**Action item**
Of all the entries below, retype only the lines from the one with "391987-Gardens in summer" through the one with "Beautiful spring summer", exactly as they appear.

[Stored dataset items]
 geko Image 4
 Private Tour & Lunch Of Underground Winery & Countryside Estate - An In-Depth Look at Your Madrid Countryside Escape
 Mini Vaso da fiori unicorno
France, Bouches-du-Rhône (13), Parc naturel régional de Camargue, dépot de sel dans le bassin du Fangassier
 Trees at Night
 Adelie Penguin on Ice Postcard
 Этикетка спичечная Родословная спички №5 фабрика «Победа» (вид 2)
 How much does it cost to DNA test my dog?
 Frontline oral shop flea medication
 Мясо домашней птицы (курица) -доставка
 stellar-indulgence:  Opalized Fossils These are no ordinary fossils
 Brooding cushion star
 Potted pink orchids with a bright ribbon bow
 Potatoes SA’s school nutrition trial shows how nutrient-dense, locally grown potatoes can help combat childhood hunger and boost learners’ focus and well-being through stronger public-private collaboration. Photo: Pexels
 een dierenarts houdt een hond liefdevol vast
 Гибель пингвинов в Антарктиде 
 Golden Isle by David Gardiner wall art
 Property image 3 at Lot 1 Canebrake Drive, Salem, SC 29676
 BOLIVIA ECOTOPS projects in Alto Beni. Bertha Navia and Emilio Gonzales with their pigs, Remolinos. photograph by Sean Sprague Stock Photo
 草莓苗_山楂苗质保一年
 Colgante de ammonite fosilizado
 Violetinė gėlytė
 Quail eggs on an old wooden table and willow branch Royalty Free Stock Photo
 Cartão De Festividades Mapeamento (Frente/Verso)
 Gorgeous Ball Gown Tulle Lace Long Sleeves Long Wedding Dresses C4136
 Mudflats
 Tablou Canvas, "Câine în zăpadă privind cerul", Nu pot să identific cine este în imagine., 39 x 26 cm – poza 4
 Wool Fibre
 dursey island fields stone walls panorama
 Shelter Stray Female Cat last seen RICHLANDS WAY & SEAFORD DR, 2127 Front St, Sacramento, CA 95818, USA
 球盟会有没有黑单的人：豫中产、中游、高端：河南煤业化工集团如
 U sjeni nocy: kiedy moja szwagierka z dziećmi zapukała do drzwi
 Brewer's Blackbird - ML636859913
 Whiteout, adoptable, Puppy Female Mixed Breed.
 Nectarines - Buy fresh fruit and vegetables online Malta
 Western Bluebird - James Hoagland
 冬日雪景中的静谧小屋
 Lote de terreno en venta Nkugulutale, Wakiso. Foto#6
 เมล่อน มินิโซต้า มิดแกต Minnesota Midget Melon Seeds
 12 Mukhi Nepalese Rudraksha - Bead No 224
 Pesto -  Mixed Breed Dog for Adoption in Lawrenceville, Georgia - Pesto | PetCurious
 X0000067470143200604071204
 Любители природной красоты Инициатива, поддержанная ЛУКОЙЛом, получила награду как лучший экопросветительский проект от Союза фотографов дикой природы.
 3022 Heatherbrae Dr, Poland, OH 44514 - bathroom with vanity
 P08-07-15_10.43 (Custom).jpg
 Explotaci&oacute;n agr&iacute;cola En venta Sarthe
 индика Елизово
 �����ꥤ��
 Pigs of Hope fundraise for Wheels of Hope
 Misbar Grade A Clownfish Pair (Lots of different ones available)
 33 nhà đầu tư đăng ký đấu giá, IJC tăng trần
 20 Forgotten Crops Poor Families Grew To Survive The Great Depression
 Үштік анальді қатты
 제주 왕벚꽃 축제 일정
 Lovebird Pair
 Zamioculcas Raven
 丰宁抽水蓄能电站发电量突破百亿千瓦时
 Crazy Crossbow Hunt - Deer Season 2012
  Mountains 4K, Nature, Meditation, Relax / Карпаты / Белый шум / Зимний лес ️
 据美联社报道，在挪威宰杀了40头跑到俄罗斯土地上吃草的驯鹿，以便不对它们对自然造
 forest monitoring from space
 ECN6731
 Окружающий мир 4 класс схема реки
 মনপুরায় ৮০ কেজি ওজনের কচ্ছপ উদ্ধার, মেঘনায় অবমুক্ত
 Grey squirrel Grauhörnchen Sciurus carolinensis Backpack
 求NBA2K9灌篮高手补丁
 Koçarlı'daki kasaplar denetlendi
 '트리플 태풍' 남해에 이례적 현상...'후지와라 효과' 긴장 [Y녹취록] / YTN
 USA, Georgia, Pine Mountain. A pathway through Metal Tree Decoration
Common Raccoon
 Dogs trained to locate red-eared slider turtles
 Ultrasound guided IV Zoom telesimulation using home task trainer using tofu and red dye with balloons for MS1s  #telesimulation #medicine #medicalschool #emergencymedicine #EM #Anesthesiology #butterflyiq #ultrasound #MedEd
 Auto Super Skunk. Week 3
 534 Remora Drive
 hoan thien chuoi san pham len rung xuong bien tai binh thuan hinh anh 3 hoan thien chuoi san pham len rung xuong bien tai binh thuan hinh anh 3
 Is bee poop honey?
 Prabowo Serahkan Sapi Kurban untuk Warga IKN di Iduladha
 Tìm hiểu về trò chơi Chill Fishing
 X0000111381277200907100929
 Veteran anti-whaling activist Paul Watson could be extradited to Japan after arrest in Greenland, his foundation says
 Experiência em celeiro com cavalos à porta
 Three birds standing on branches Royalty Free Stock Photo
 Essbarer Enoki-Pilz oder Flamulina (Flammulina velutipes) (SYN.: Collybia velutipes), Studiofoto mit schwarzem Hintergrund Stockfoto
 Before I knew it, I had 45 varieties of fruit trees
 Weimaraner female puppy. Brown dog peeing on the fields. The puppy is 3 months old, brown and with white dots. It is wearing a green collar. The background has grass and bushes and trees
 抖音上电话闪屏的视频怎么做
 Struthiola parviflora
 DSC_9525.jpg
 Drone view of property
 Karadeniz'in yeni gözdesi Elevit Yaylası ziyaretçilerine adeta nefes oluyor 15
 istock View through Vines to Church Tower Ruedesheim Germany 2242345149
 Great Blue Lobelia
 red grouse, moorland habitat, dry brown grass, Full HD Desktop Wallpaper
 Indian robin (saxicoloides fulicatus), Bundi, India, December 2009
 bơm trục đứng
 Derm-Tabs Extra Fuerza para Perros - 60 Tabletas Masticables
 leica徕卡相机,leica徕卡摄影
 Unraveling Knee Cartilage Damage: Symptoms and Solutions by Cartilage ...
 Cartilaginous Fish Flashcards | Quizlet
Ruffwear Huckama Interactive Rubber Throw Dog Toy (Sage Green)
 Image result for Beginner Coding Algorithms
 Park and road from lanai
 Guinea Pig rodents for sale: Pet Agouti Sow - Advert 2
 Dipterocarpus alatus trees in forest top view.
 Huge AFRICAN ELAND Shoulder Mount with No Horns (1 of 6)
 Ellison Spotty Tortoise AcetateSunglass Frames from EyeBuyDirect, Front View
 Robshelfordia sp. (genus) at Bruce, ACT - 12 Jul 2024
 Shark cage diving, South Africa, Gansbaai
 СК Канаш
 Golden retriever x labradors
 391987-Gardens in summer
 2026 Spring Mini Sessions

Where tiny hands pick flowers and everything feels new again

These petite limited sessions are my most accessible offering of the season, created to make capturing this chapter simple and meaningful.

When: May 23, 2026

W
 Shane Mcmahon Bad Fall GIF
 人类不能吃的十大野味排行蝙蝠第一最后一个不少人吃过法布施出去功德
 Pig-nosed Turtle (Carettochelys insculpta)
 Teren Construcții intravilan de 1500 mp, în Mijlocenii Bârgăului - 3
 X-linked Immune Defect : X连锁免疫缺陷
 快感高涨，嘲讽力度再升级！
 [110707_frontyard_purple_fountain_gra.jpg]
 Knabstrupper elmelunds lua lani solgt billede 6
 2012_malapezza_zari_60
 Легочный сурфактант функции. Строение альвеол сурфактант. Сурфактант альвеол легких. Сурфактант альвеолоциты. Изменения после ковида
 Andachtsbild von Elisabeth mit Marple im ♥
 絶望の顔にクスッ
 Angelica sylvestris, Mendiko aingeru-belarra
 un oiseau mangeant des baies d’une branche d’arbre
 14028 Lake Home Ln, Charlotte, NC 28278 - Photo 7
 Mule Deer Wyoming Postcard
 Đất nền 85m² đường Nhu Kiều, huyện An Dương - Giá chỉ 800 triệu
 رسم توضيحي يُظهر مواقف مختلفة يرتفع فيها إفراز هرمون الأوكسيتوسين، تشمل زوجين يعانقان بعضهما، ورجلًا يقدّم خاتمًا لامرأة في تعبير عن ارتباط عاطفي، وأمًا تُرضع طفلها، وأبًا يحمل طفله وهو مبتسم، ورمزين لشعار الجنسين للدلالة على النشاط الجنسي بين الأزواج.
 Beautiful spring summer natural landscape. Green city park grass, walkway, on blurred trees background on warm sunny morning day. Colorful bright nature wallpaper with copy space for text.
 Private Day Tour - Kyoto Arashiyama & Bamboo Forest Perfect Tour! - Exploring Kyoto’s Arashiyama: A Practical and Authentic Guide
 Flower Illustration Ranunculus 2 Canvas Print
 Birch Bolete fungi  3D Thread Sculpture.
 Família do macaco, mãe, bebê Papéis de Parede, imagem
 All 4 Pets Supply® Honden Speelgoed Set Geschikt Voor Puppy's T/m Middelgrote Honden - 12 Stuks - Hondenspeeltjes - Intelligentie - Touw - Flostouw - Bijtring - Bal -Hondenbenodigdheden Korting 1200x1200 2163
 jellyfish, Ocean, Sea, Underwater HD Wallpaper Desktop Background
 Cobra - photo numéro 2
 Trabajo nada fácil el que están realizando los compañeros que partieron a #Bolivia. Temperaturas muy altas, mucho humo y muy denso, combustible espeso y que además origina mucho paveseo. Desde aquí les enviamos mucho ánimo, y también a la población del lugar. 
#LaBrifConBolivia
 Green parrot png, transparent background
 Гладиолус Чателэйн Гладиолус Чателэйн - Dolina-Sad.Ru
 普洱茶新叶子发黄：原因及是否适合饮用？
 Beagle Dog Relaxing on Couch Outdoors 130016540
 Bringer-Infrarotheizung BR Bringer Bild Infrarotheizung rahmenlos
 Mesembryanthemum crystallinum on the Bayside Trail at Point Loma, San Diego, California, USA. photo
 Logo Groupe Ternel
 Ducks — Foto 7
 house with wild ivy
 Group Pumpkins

**Answer to the exercise**
 391987-Gardens in summer
 2026 Spring Mini Sessions

Where tiny hands pick flowers and everything feels new again

These petite limited sessions are my most accessible offering of the season, created to make capturing this chapter simple and meaningful.

When: May 23, 2026

W
 Shane Mcmahon Bad Fall GIF
 人类不能吃的十大野味排行蝙蝠第一最后一个不少人吃过法布施出去功德
 Pig-nosed Turtle (Carettochelys insculpta)
 Teren Construcții intravilan de 1500 mp, în Mijlocenii Bârgăului - 3
 X-linked Immune Defect : X连锁免疫缺陷
 快感高涨，嘲讽力度再升级！
 [110707_frontyard_purple_fountain_gra.jpg]
 Knabstrupper elmelunds lua lani solgt billede 6
 2012_malapezza_zari_60
 Легочный сурфактант функции. Строение альвеол сурфактант. Сурфактант альвеол легких. Сурфактант альвеолоциты. Изменения после ковида
 Andachtsbild von Elisabeth mit Marple im ♥
 絶望の顔にクスッ
 Angelica sylvestris, Mendiko aingeru-belarra
 un oiseau mangeant des baies d’une branche d’arbre
 14028 Lake Home Ln, Charlotte, NC 28278 - Photo 7
 Mule Deer Wyoming Postcard
 Đất nền 85m² đường Nhu Kiều, huyện An Dương - Giá chỉ 800 triệu
 رسم توضيحي يُظهر مواقف مختلفة يرتفع فيها إفراز هرمون الأوكسيتوسين، تشمل زوجين يعانقان بعضهما، ورجلًا يقدّم خاتمًا لامرأة في تعبير عن ارتباط عاطفي، وأمًا تُرضع طفلها، وأبًا يحمل طفله وهو مبتسم، ورمزين لشعار الجنسين للدلالة على النشاط الجنسي بين الأزواج.
 Beautiful spring summer natural landscape. Green city park grass, walkway, on blurred trees background on warm sunny morning day. Colorful bright nature wallpaper with copy space for text.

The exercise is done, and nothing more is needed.